Today is the third day of the most sacred Ethiopian holiday, the 3-day Timkat celebration of the ark of the covenant. So the country was decked out in a very festive way with green, yellow and red flags and banners everywhere, especially around the Christian orthodox churches with their multiple onion-domes.
Every Christian Orthodox Church has a replica of the ark of the covenant in their "holy of holies" and they bring them out once a year at Timkat in January. Ethiopians claim possession of the original ark of the covenant from Solomon's temple.
Ethiopia is very much a Christian country with Jewish ties and traditions and claims to have had Christianity longer than anywhere else in Africa or outside the Middle East, dating back to before AD 400! Here you see Christian churches and Muslim mosques side by side.
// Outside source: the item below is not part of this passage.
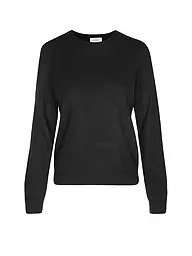 S.OLIVER | Suéter | Negro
Ethiopia is the only African country never colonized by Europeans. As a result, they have adapted more slowly to the conventions of the rest of the world, or have refused to adapt at all. For example, they have never adopted the modern calendar or clock, but have kept the same calendar and clock used for thousands of years.
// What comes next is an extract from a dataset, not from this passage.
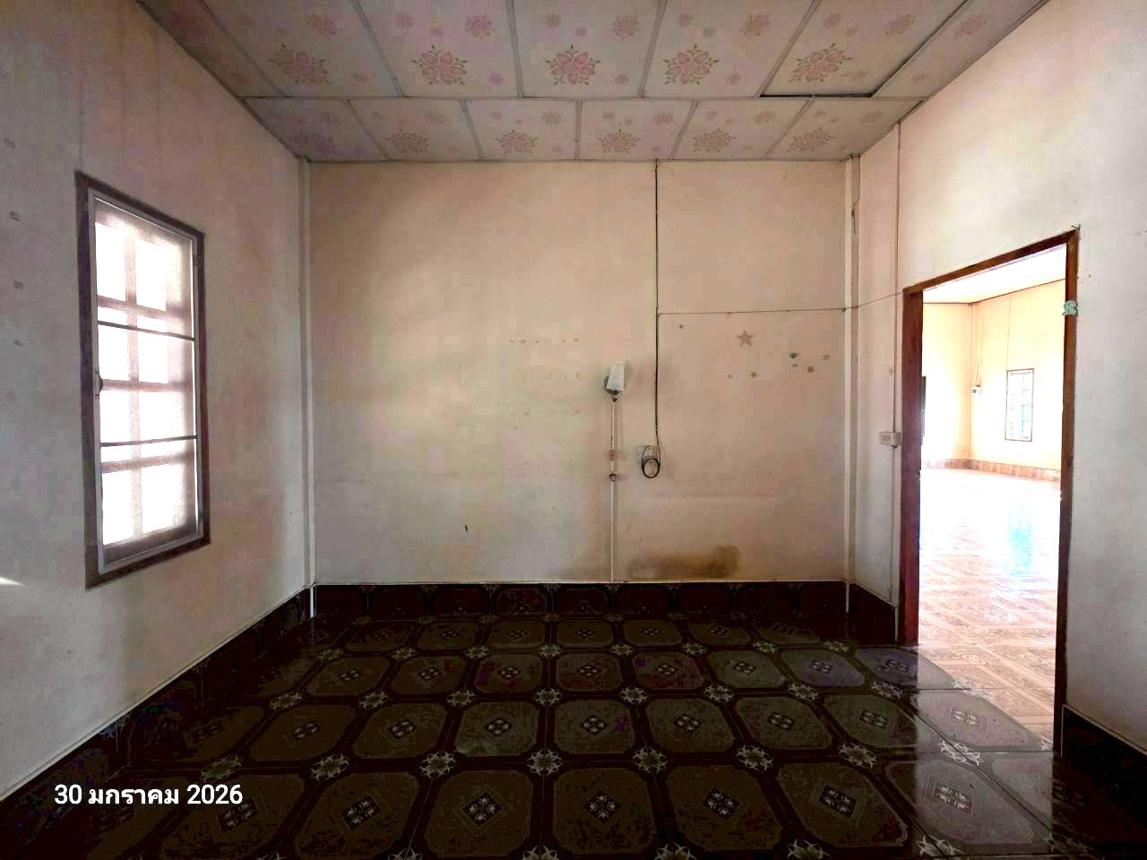 รูป บ้านเดี่ยว 181.1 ตร.วา เมืองกำแพงเพชร กำแพงเพชร 1.7M - รูปที่ 31/42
The Ethiopian calendar has 12 months of exactly 30 days each, plus a 13th month with just 5 days (6 days every fourth year) and is almost eight years behind our calendar, so we're in May 2007 now. Christmas falls on our January 7th, and their new year starts on our September 24th.
The Ethiopian clock is six hours ahead of (or behind) us, as 12:00 am starts at dawn (6:00 am by our clocks) and 12:00 pm is at dusk (6:00 pm) and night goes from their 12:00 pm to 12:00 am or from 6pm to 6am on our clocks, which makes a lot of sense.
Bob's and Joyce's Ethiopian driver's licenses show their birth dates according to the Ethiopian calendar, and they announce and hold church meetings on Ethiopian time!
The dominant language of Ethiopia is Amharic, which has it's own very unique alphabet. So even in Africa, Ethiopia is unique. We were blown away by how much Amharic Bob & Joyce know and speak (and even read and write).
Ethiopia is in the dry season now, so it's not very green at all. In fact, the mountains and cities are quite brown and drab. Although we were at elevations of almost 8,000 feet high all day, temperatures were very warm, probably in the high 80's, but it was pleasantly cool in the evenings.
Bob's brother Rick is president of COEEF (Children of Ethiopa Education Foundation), a non-profit humanitarian NGO (non-government organization) committed to improving education of children in the country. He and his wife Carla are also in the country but were with a group down visiting the southern Kara and Hamar tribes in their remote villages on Wednesday. They left by 7 in the morning but didn't join us until almost 6:00 at night because they lost a few hours because their van had four flat tires and they only carried three spares (and no jack, so they had to use rocks)!
By 6:15 Rick, Joyce and Bob were together at our hotel, the Sidra Hotel, in Addis for the first reunion of the three surviving siblings of the J. Benson Egan family in 2 1/2 years! And who would have ever guessed back then that it would be in Ethiopia?!!
We went to dinner with Rick & Carla and a couple of their staff at a restaurant that combines traditional Ethiopian food (injera with wot) and traditional Ethiopian music, singing and dancing from all nine regions of the country, playing musical instruments that were unlike anything we had ever seen, and dancing very unique dances that stress shoulder and head movement. What an amazing cultural experience!!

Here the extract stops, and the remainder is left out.